Secondly, I'm having issues setting the pivot for my rotations. In the examples above this all works well if our pivot is set at the origin. So how do we set the pivot to be at the center if our geometry? Please take a look at rotate_not_at_origin object.

To begin this little science experience, I've copy stamped boxes on a single box and used the normals from the orignal box as the rotation axis vector. So far so good.

 

This all goes to shit if we move our original box from the origin. How do we solve this? 

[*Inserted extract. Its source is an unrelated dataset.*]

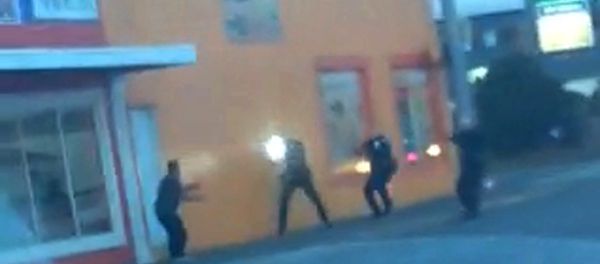 In this still frame taken from a cell phone video provided by Dario Infante and taken on Feb. 10, 2015, Antonio Zambrano-Montes, left, turns to face police officers as one holds a flashlight and two others draw their guns just before shooting him in Pasco, Wash. - Sputnik International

The only way I've seen, and don't understand, is using @orient as follows before the copy stamp. Also, this no longer copies the geometry based on the normal direction of my points.

matrix3 m = ident() ;
float angle = ch("angle") ;
vector axis = normalize(v@rot_axis);
rotate(m, angle, axis);

@orient = quaternion(m);

 

 

So how do we solve this? I really need to wrap my head around this once and for all gahhhhh!!

 

Thanks everyone!

Maxime

matrices.hipnc

[loudsubs]

It would definitely be nice to have an input for pivot on the rotate function... The work around I do for this: Store the original pivot, move each box back to origin by negating the orig pivot, perform the rotation, then move the boxes back by adding orig pivot.  Did a few example notes in your file.

matrices_a.hipnc

[beliveau.maxime]

Thanks Arrev, I'll take a look shortly. I have heard of this work around but there must be another way! Thanks for your input

[mestela]

There's clever ways to rotate in place (which I always forget), but just about everyone I know does the simple thing of move stuff to the origin, rotate, put back to the original position.

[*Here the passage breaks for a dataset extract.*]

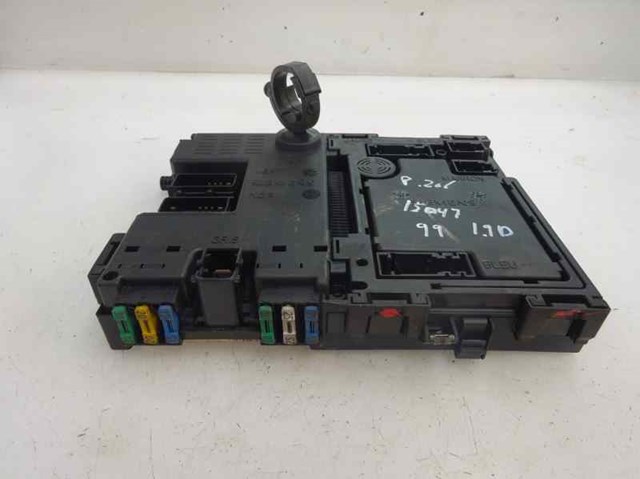 PEUGEOT 9626460880 Caja de fusibles  disponible Valladolid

To make your setup work, I just added an extra wrangle before the copy to points to store the point position, as centroid:

v@centroid=@P;

Then in the rotate wrangle, subtract centroid, rotate, add centroid:

matrix3 m = ident();
float angle = ch("angle");
vector axis = normalize(v@rot_axis);
rotate(m, angle, axis);

@P-=v@centroid;
@P *= m;
@P+=v@centroid;

 

matrices_me.hipnc

 

-matt

 

[beliveau.maxime]

Thanks Matt!

Love your website btw. Been looking at it every now and then

[Skybar]

A quicktip is to use the Deformation Wrangle when doing stuff like this. It will take care of your normals and stuff, rotating them too. When just using a Point Wrangle and modifying P the normals doesn't follow (or any other vectors, velocity for example).